Scientists in white lab coats with faces hidden behind masks and goggles strapped him into a chair and connected tubes and wires to his chest, back, arms, and legs that snaked across the room and fed into mysterious contraptions.
Machines hummed with energy while screens flickered with complex data and schematics Grace didn’t care to understand.
He didn’t speak, was rarely social, and never smiled because he never had a reason to.
Grace was primed to be one of the greatest marksmen to come out of the United States Marines Advanced Sniper Academy.
He was good at shooting and hitting his target every time. It was just what he did. Hunting and shooting tin cans and mason jars off a fence was how he’d passed the time as a kid.
In the Corps, he’d followed orders to the letter, had received countless medals and accolades that meant nothing to him.
His own gunnery sergeant said he had a heart of darkness and eyes that viewed the world in black and white. Right or wrong.

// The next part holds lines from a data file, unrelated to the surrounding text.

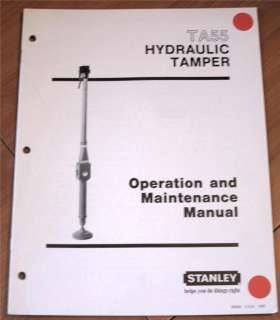   TA55 Hydraulic Tamper Operation and Maintenance Manual 1987 VG  
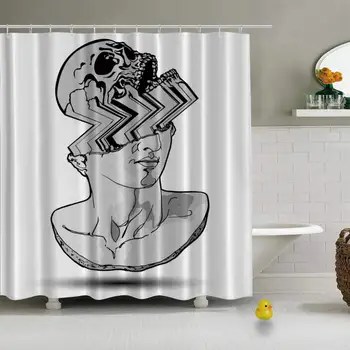 

Vector Hand Drawn Classical Sculpture Vector Various Shower Curtain for Hotel Bath,72''L x 72''W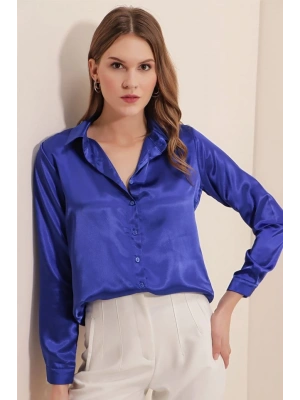 3964 Hafif Dökümlü Saten Gömlek  Saks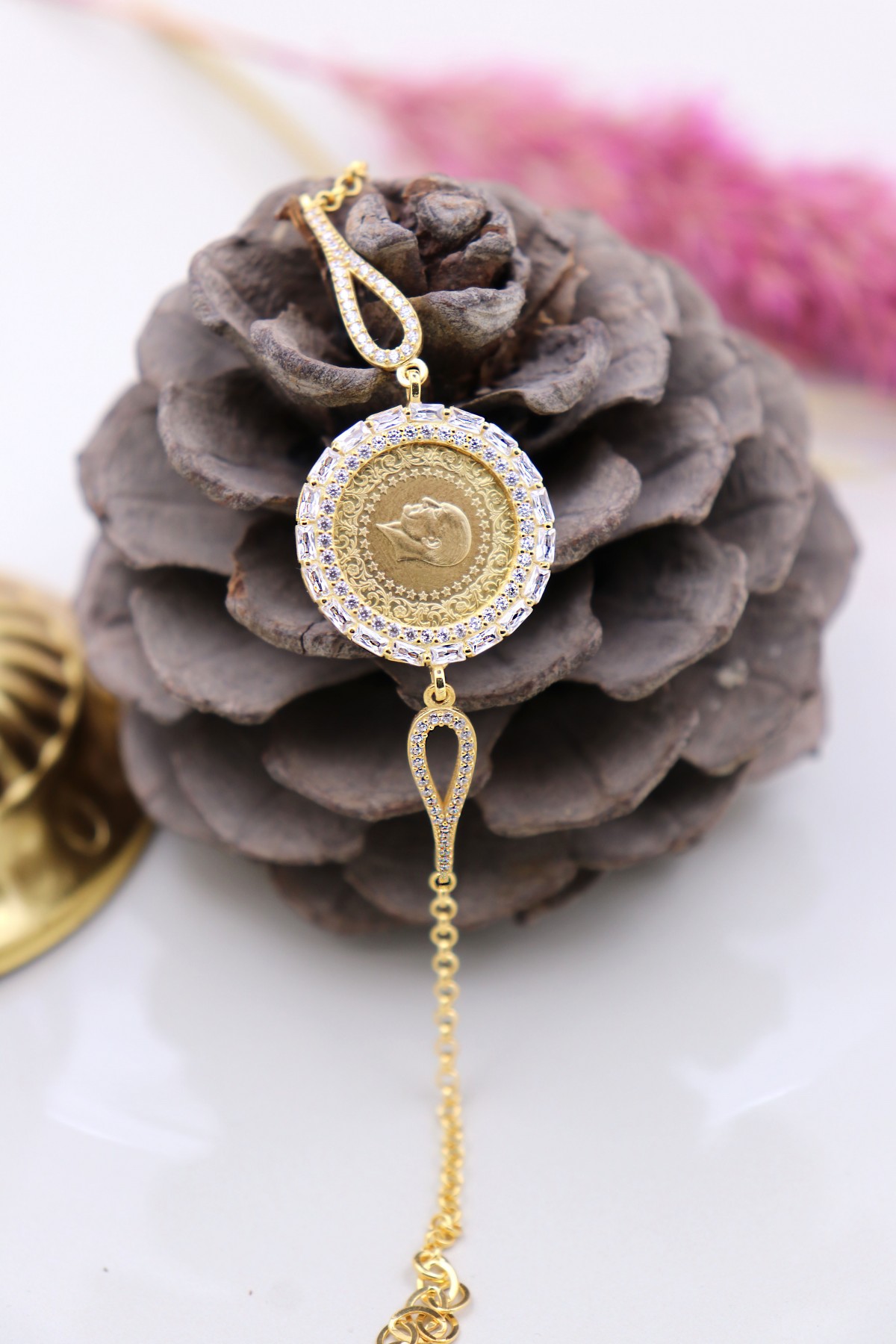 22 Ayar Çeyrek Altınlı 925 Ayar Gümüş Bileklik 22 Ayar Çeyrek Altınlı 925 Ayar Gümüş Bileklik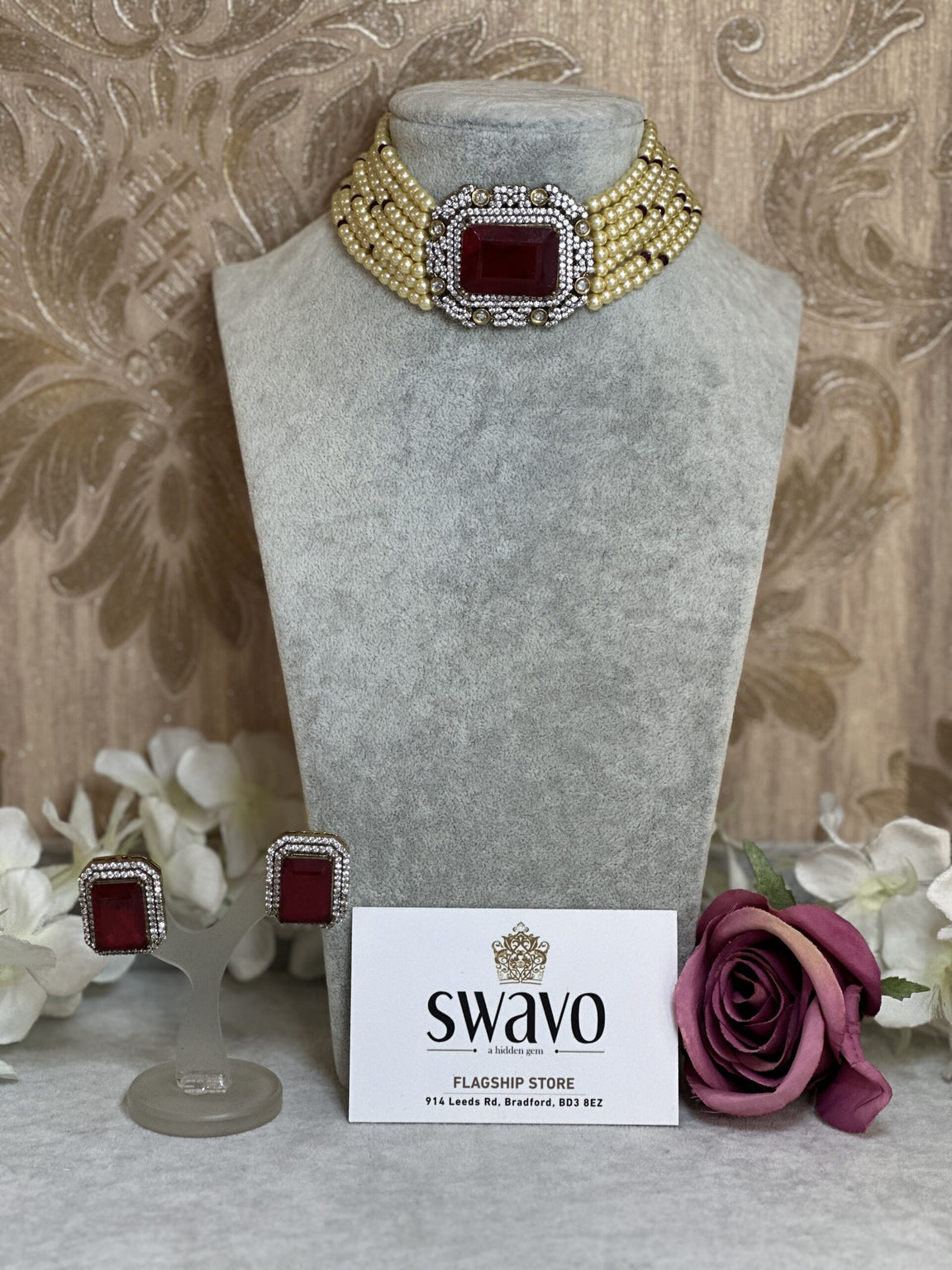 Elegant pearl choker Set image 3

There were no shades of gray.
His combination of anger and morality was what had attracted the attention of the Ravens.
A man in an expensive black suit with a corporate haircut and thousand-dollar wing-tipped shoes had told him it was an organization where fates were obliterated and legends were made.
The Ravens wanted to take his already strategic mind and exceptional shooting skills and enhance them into a finely sharpened tool designed for one purpose—killing in the name of justice.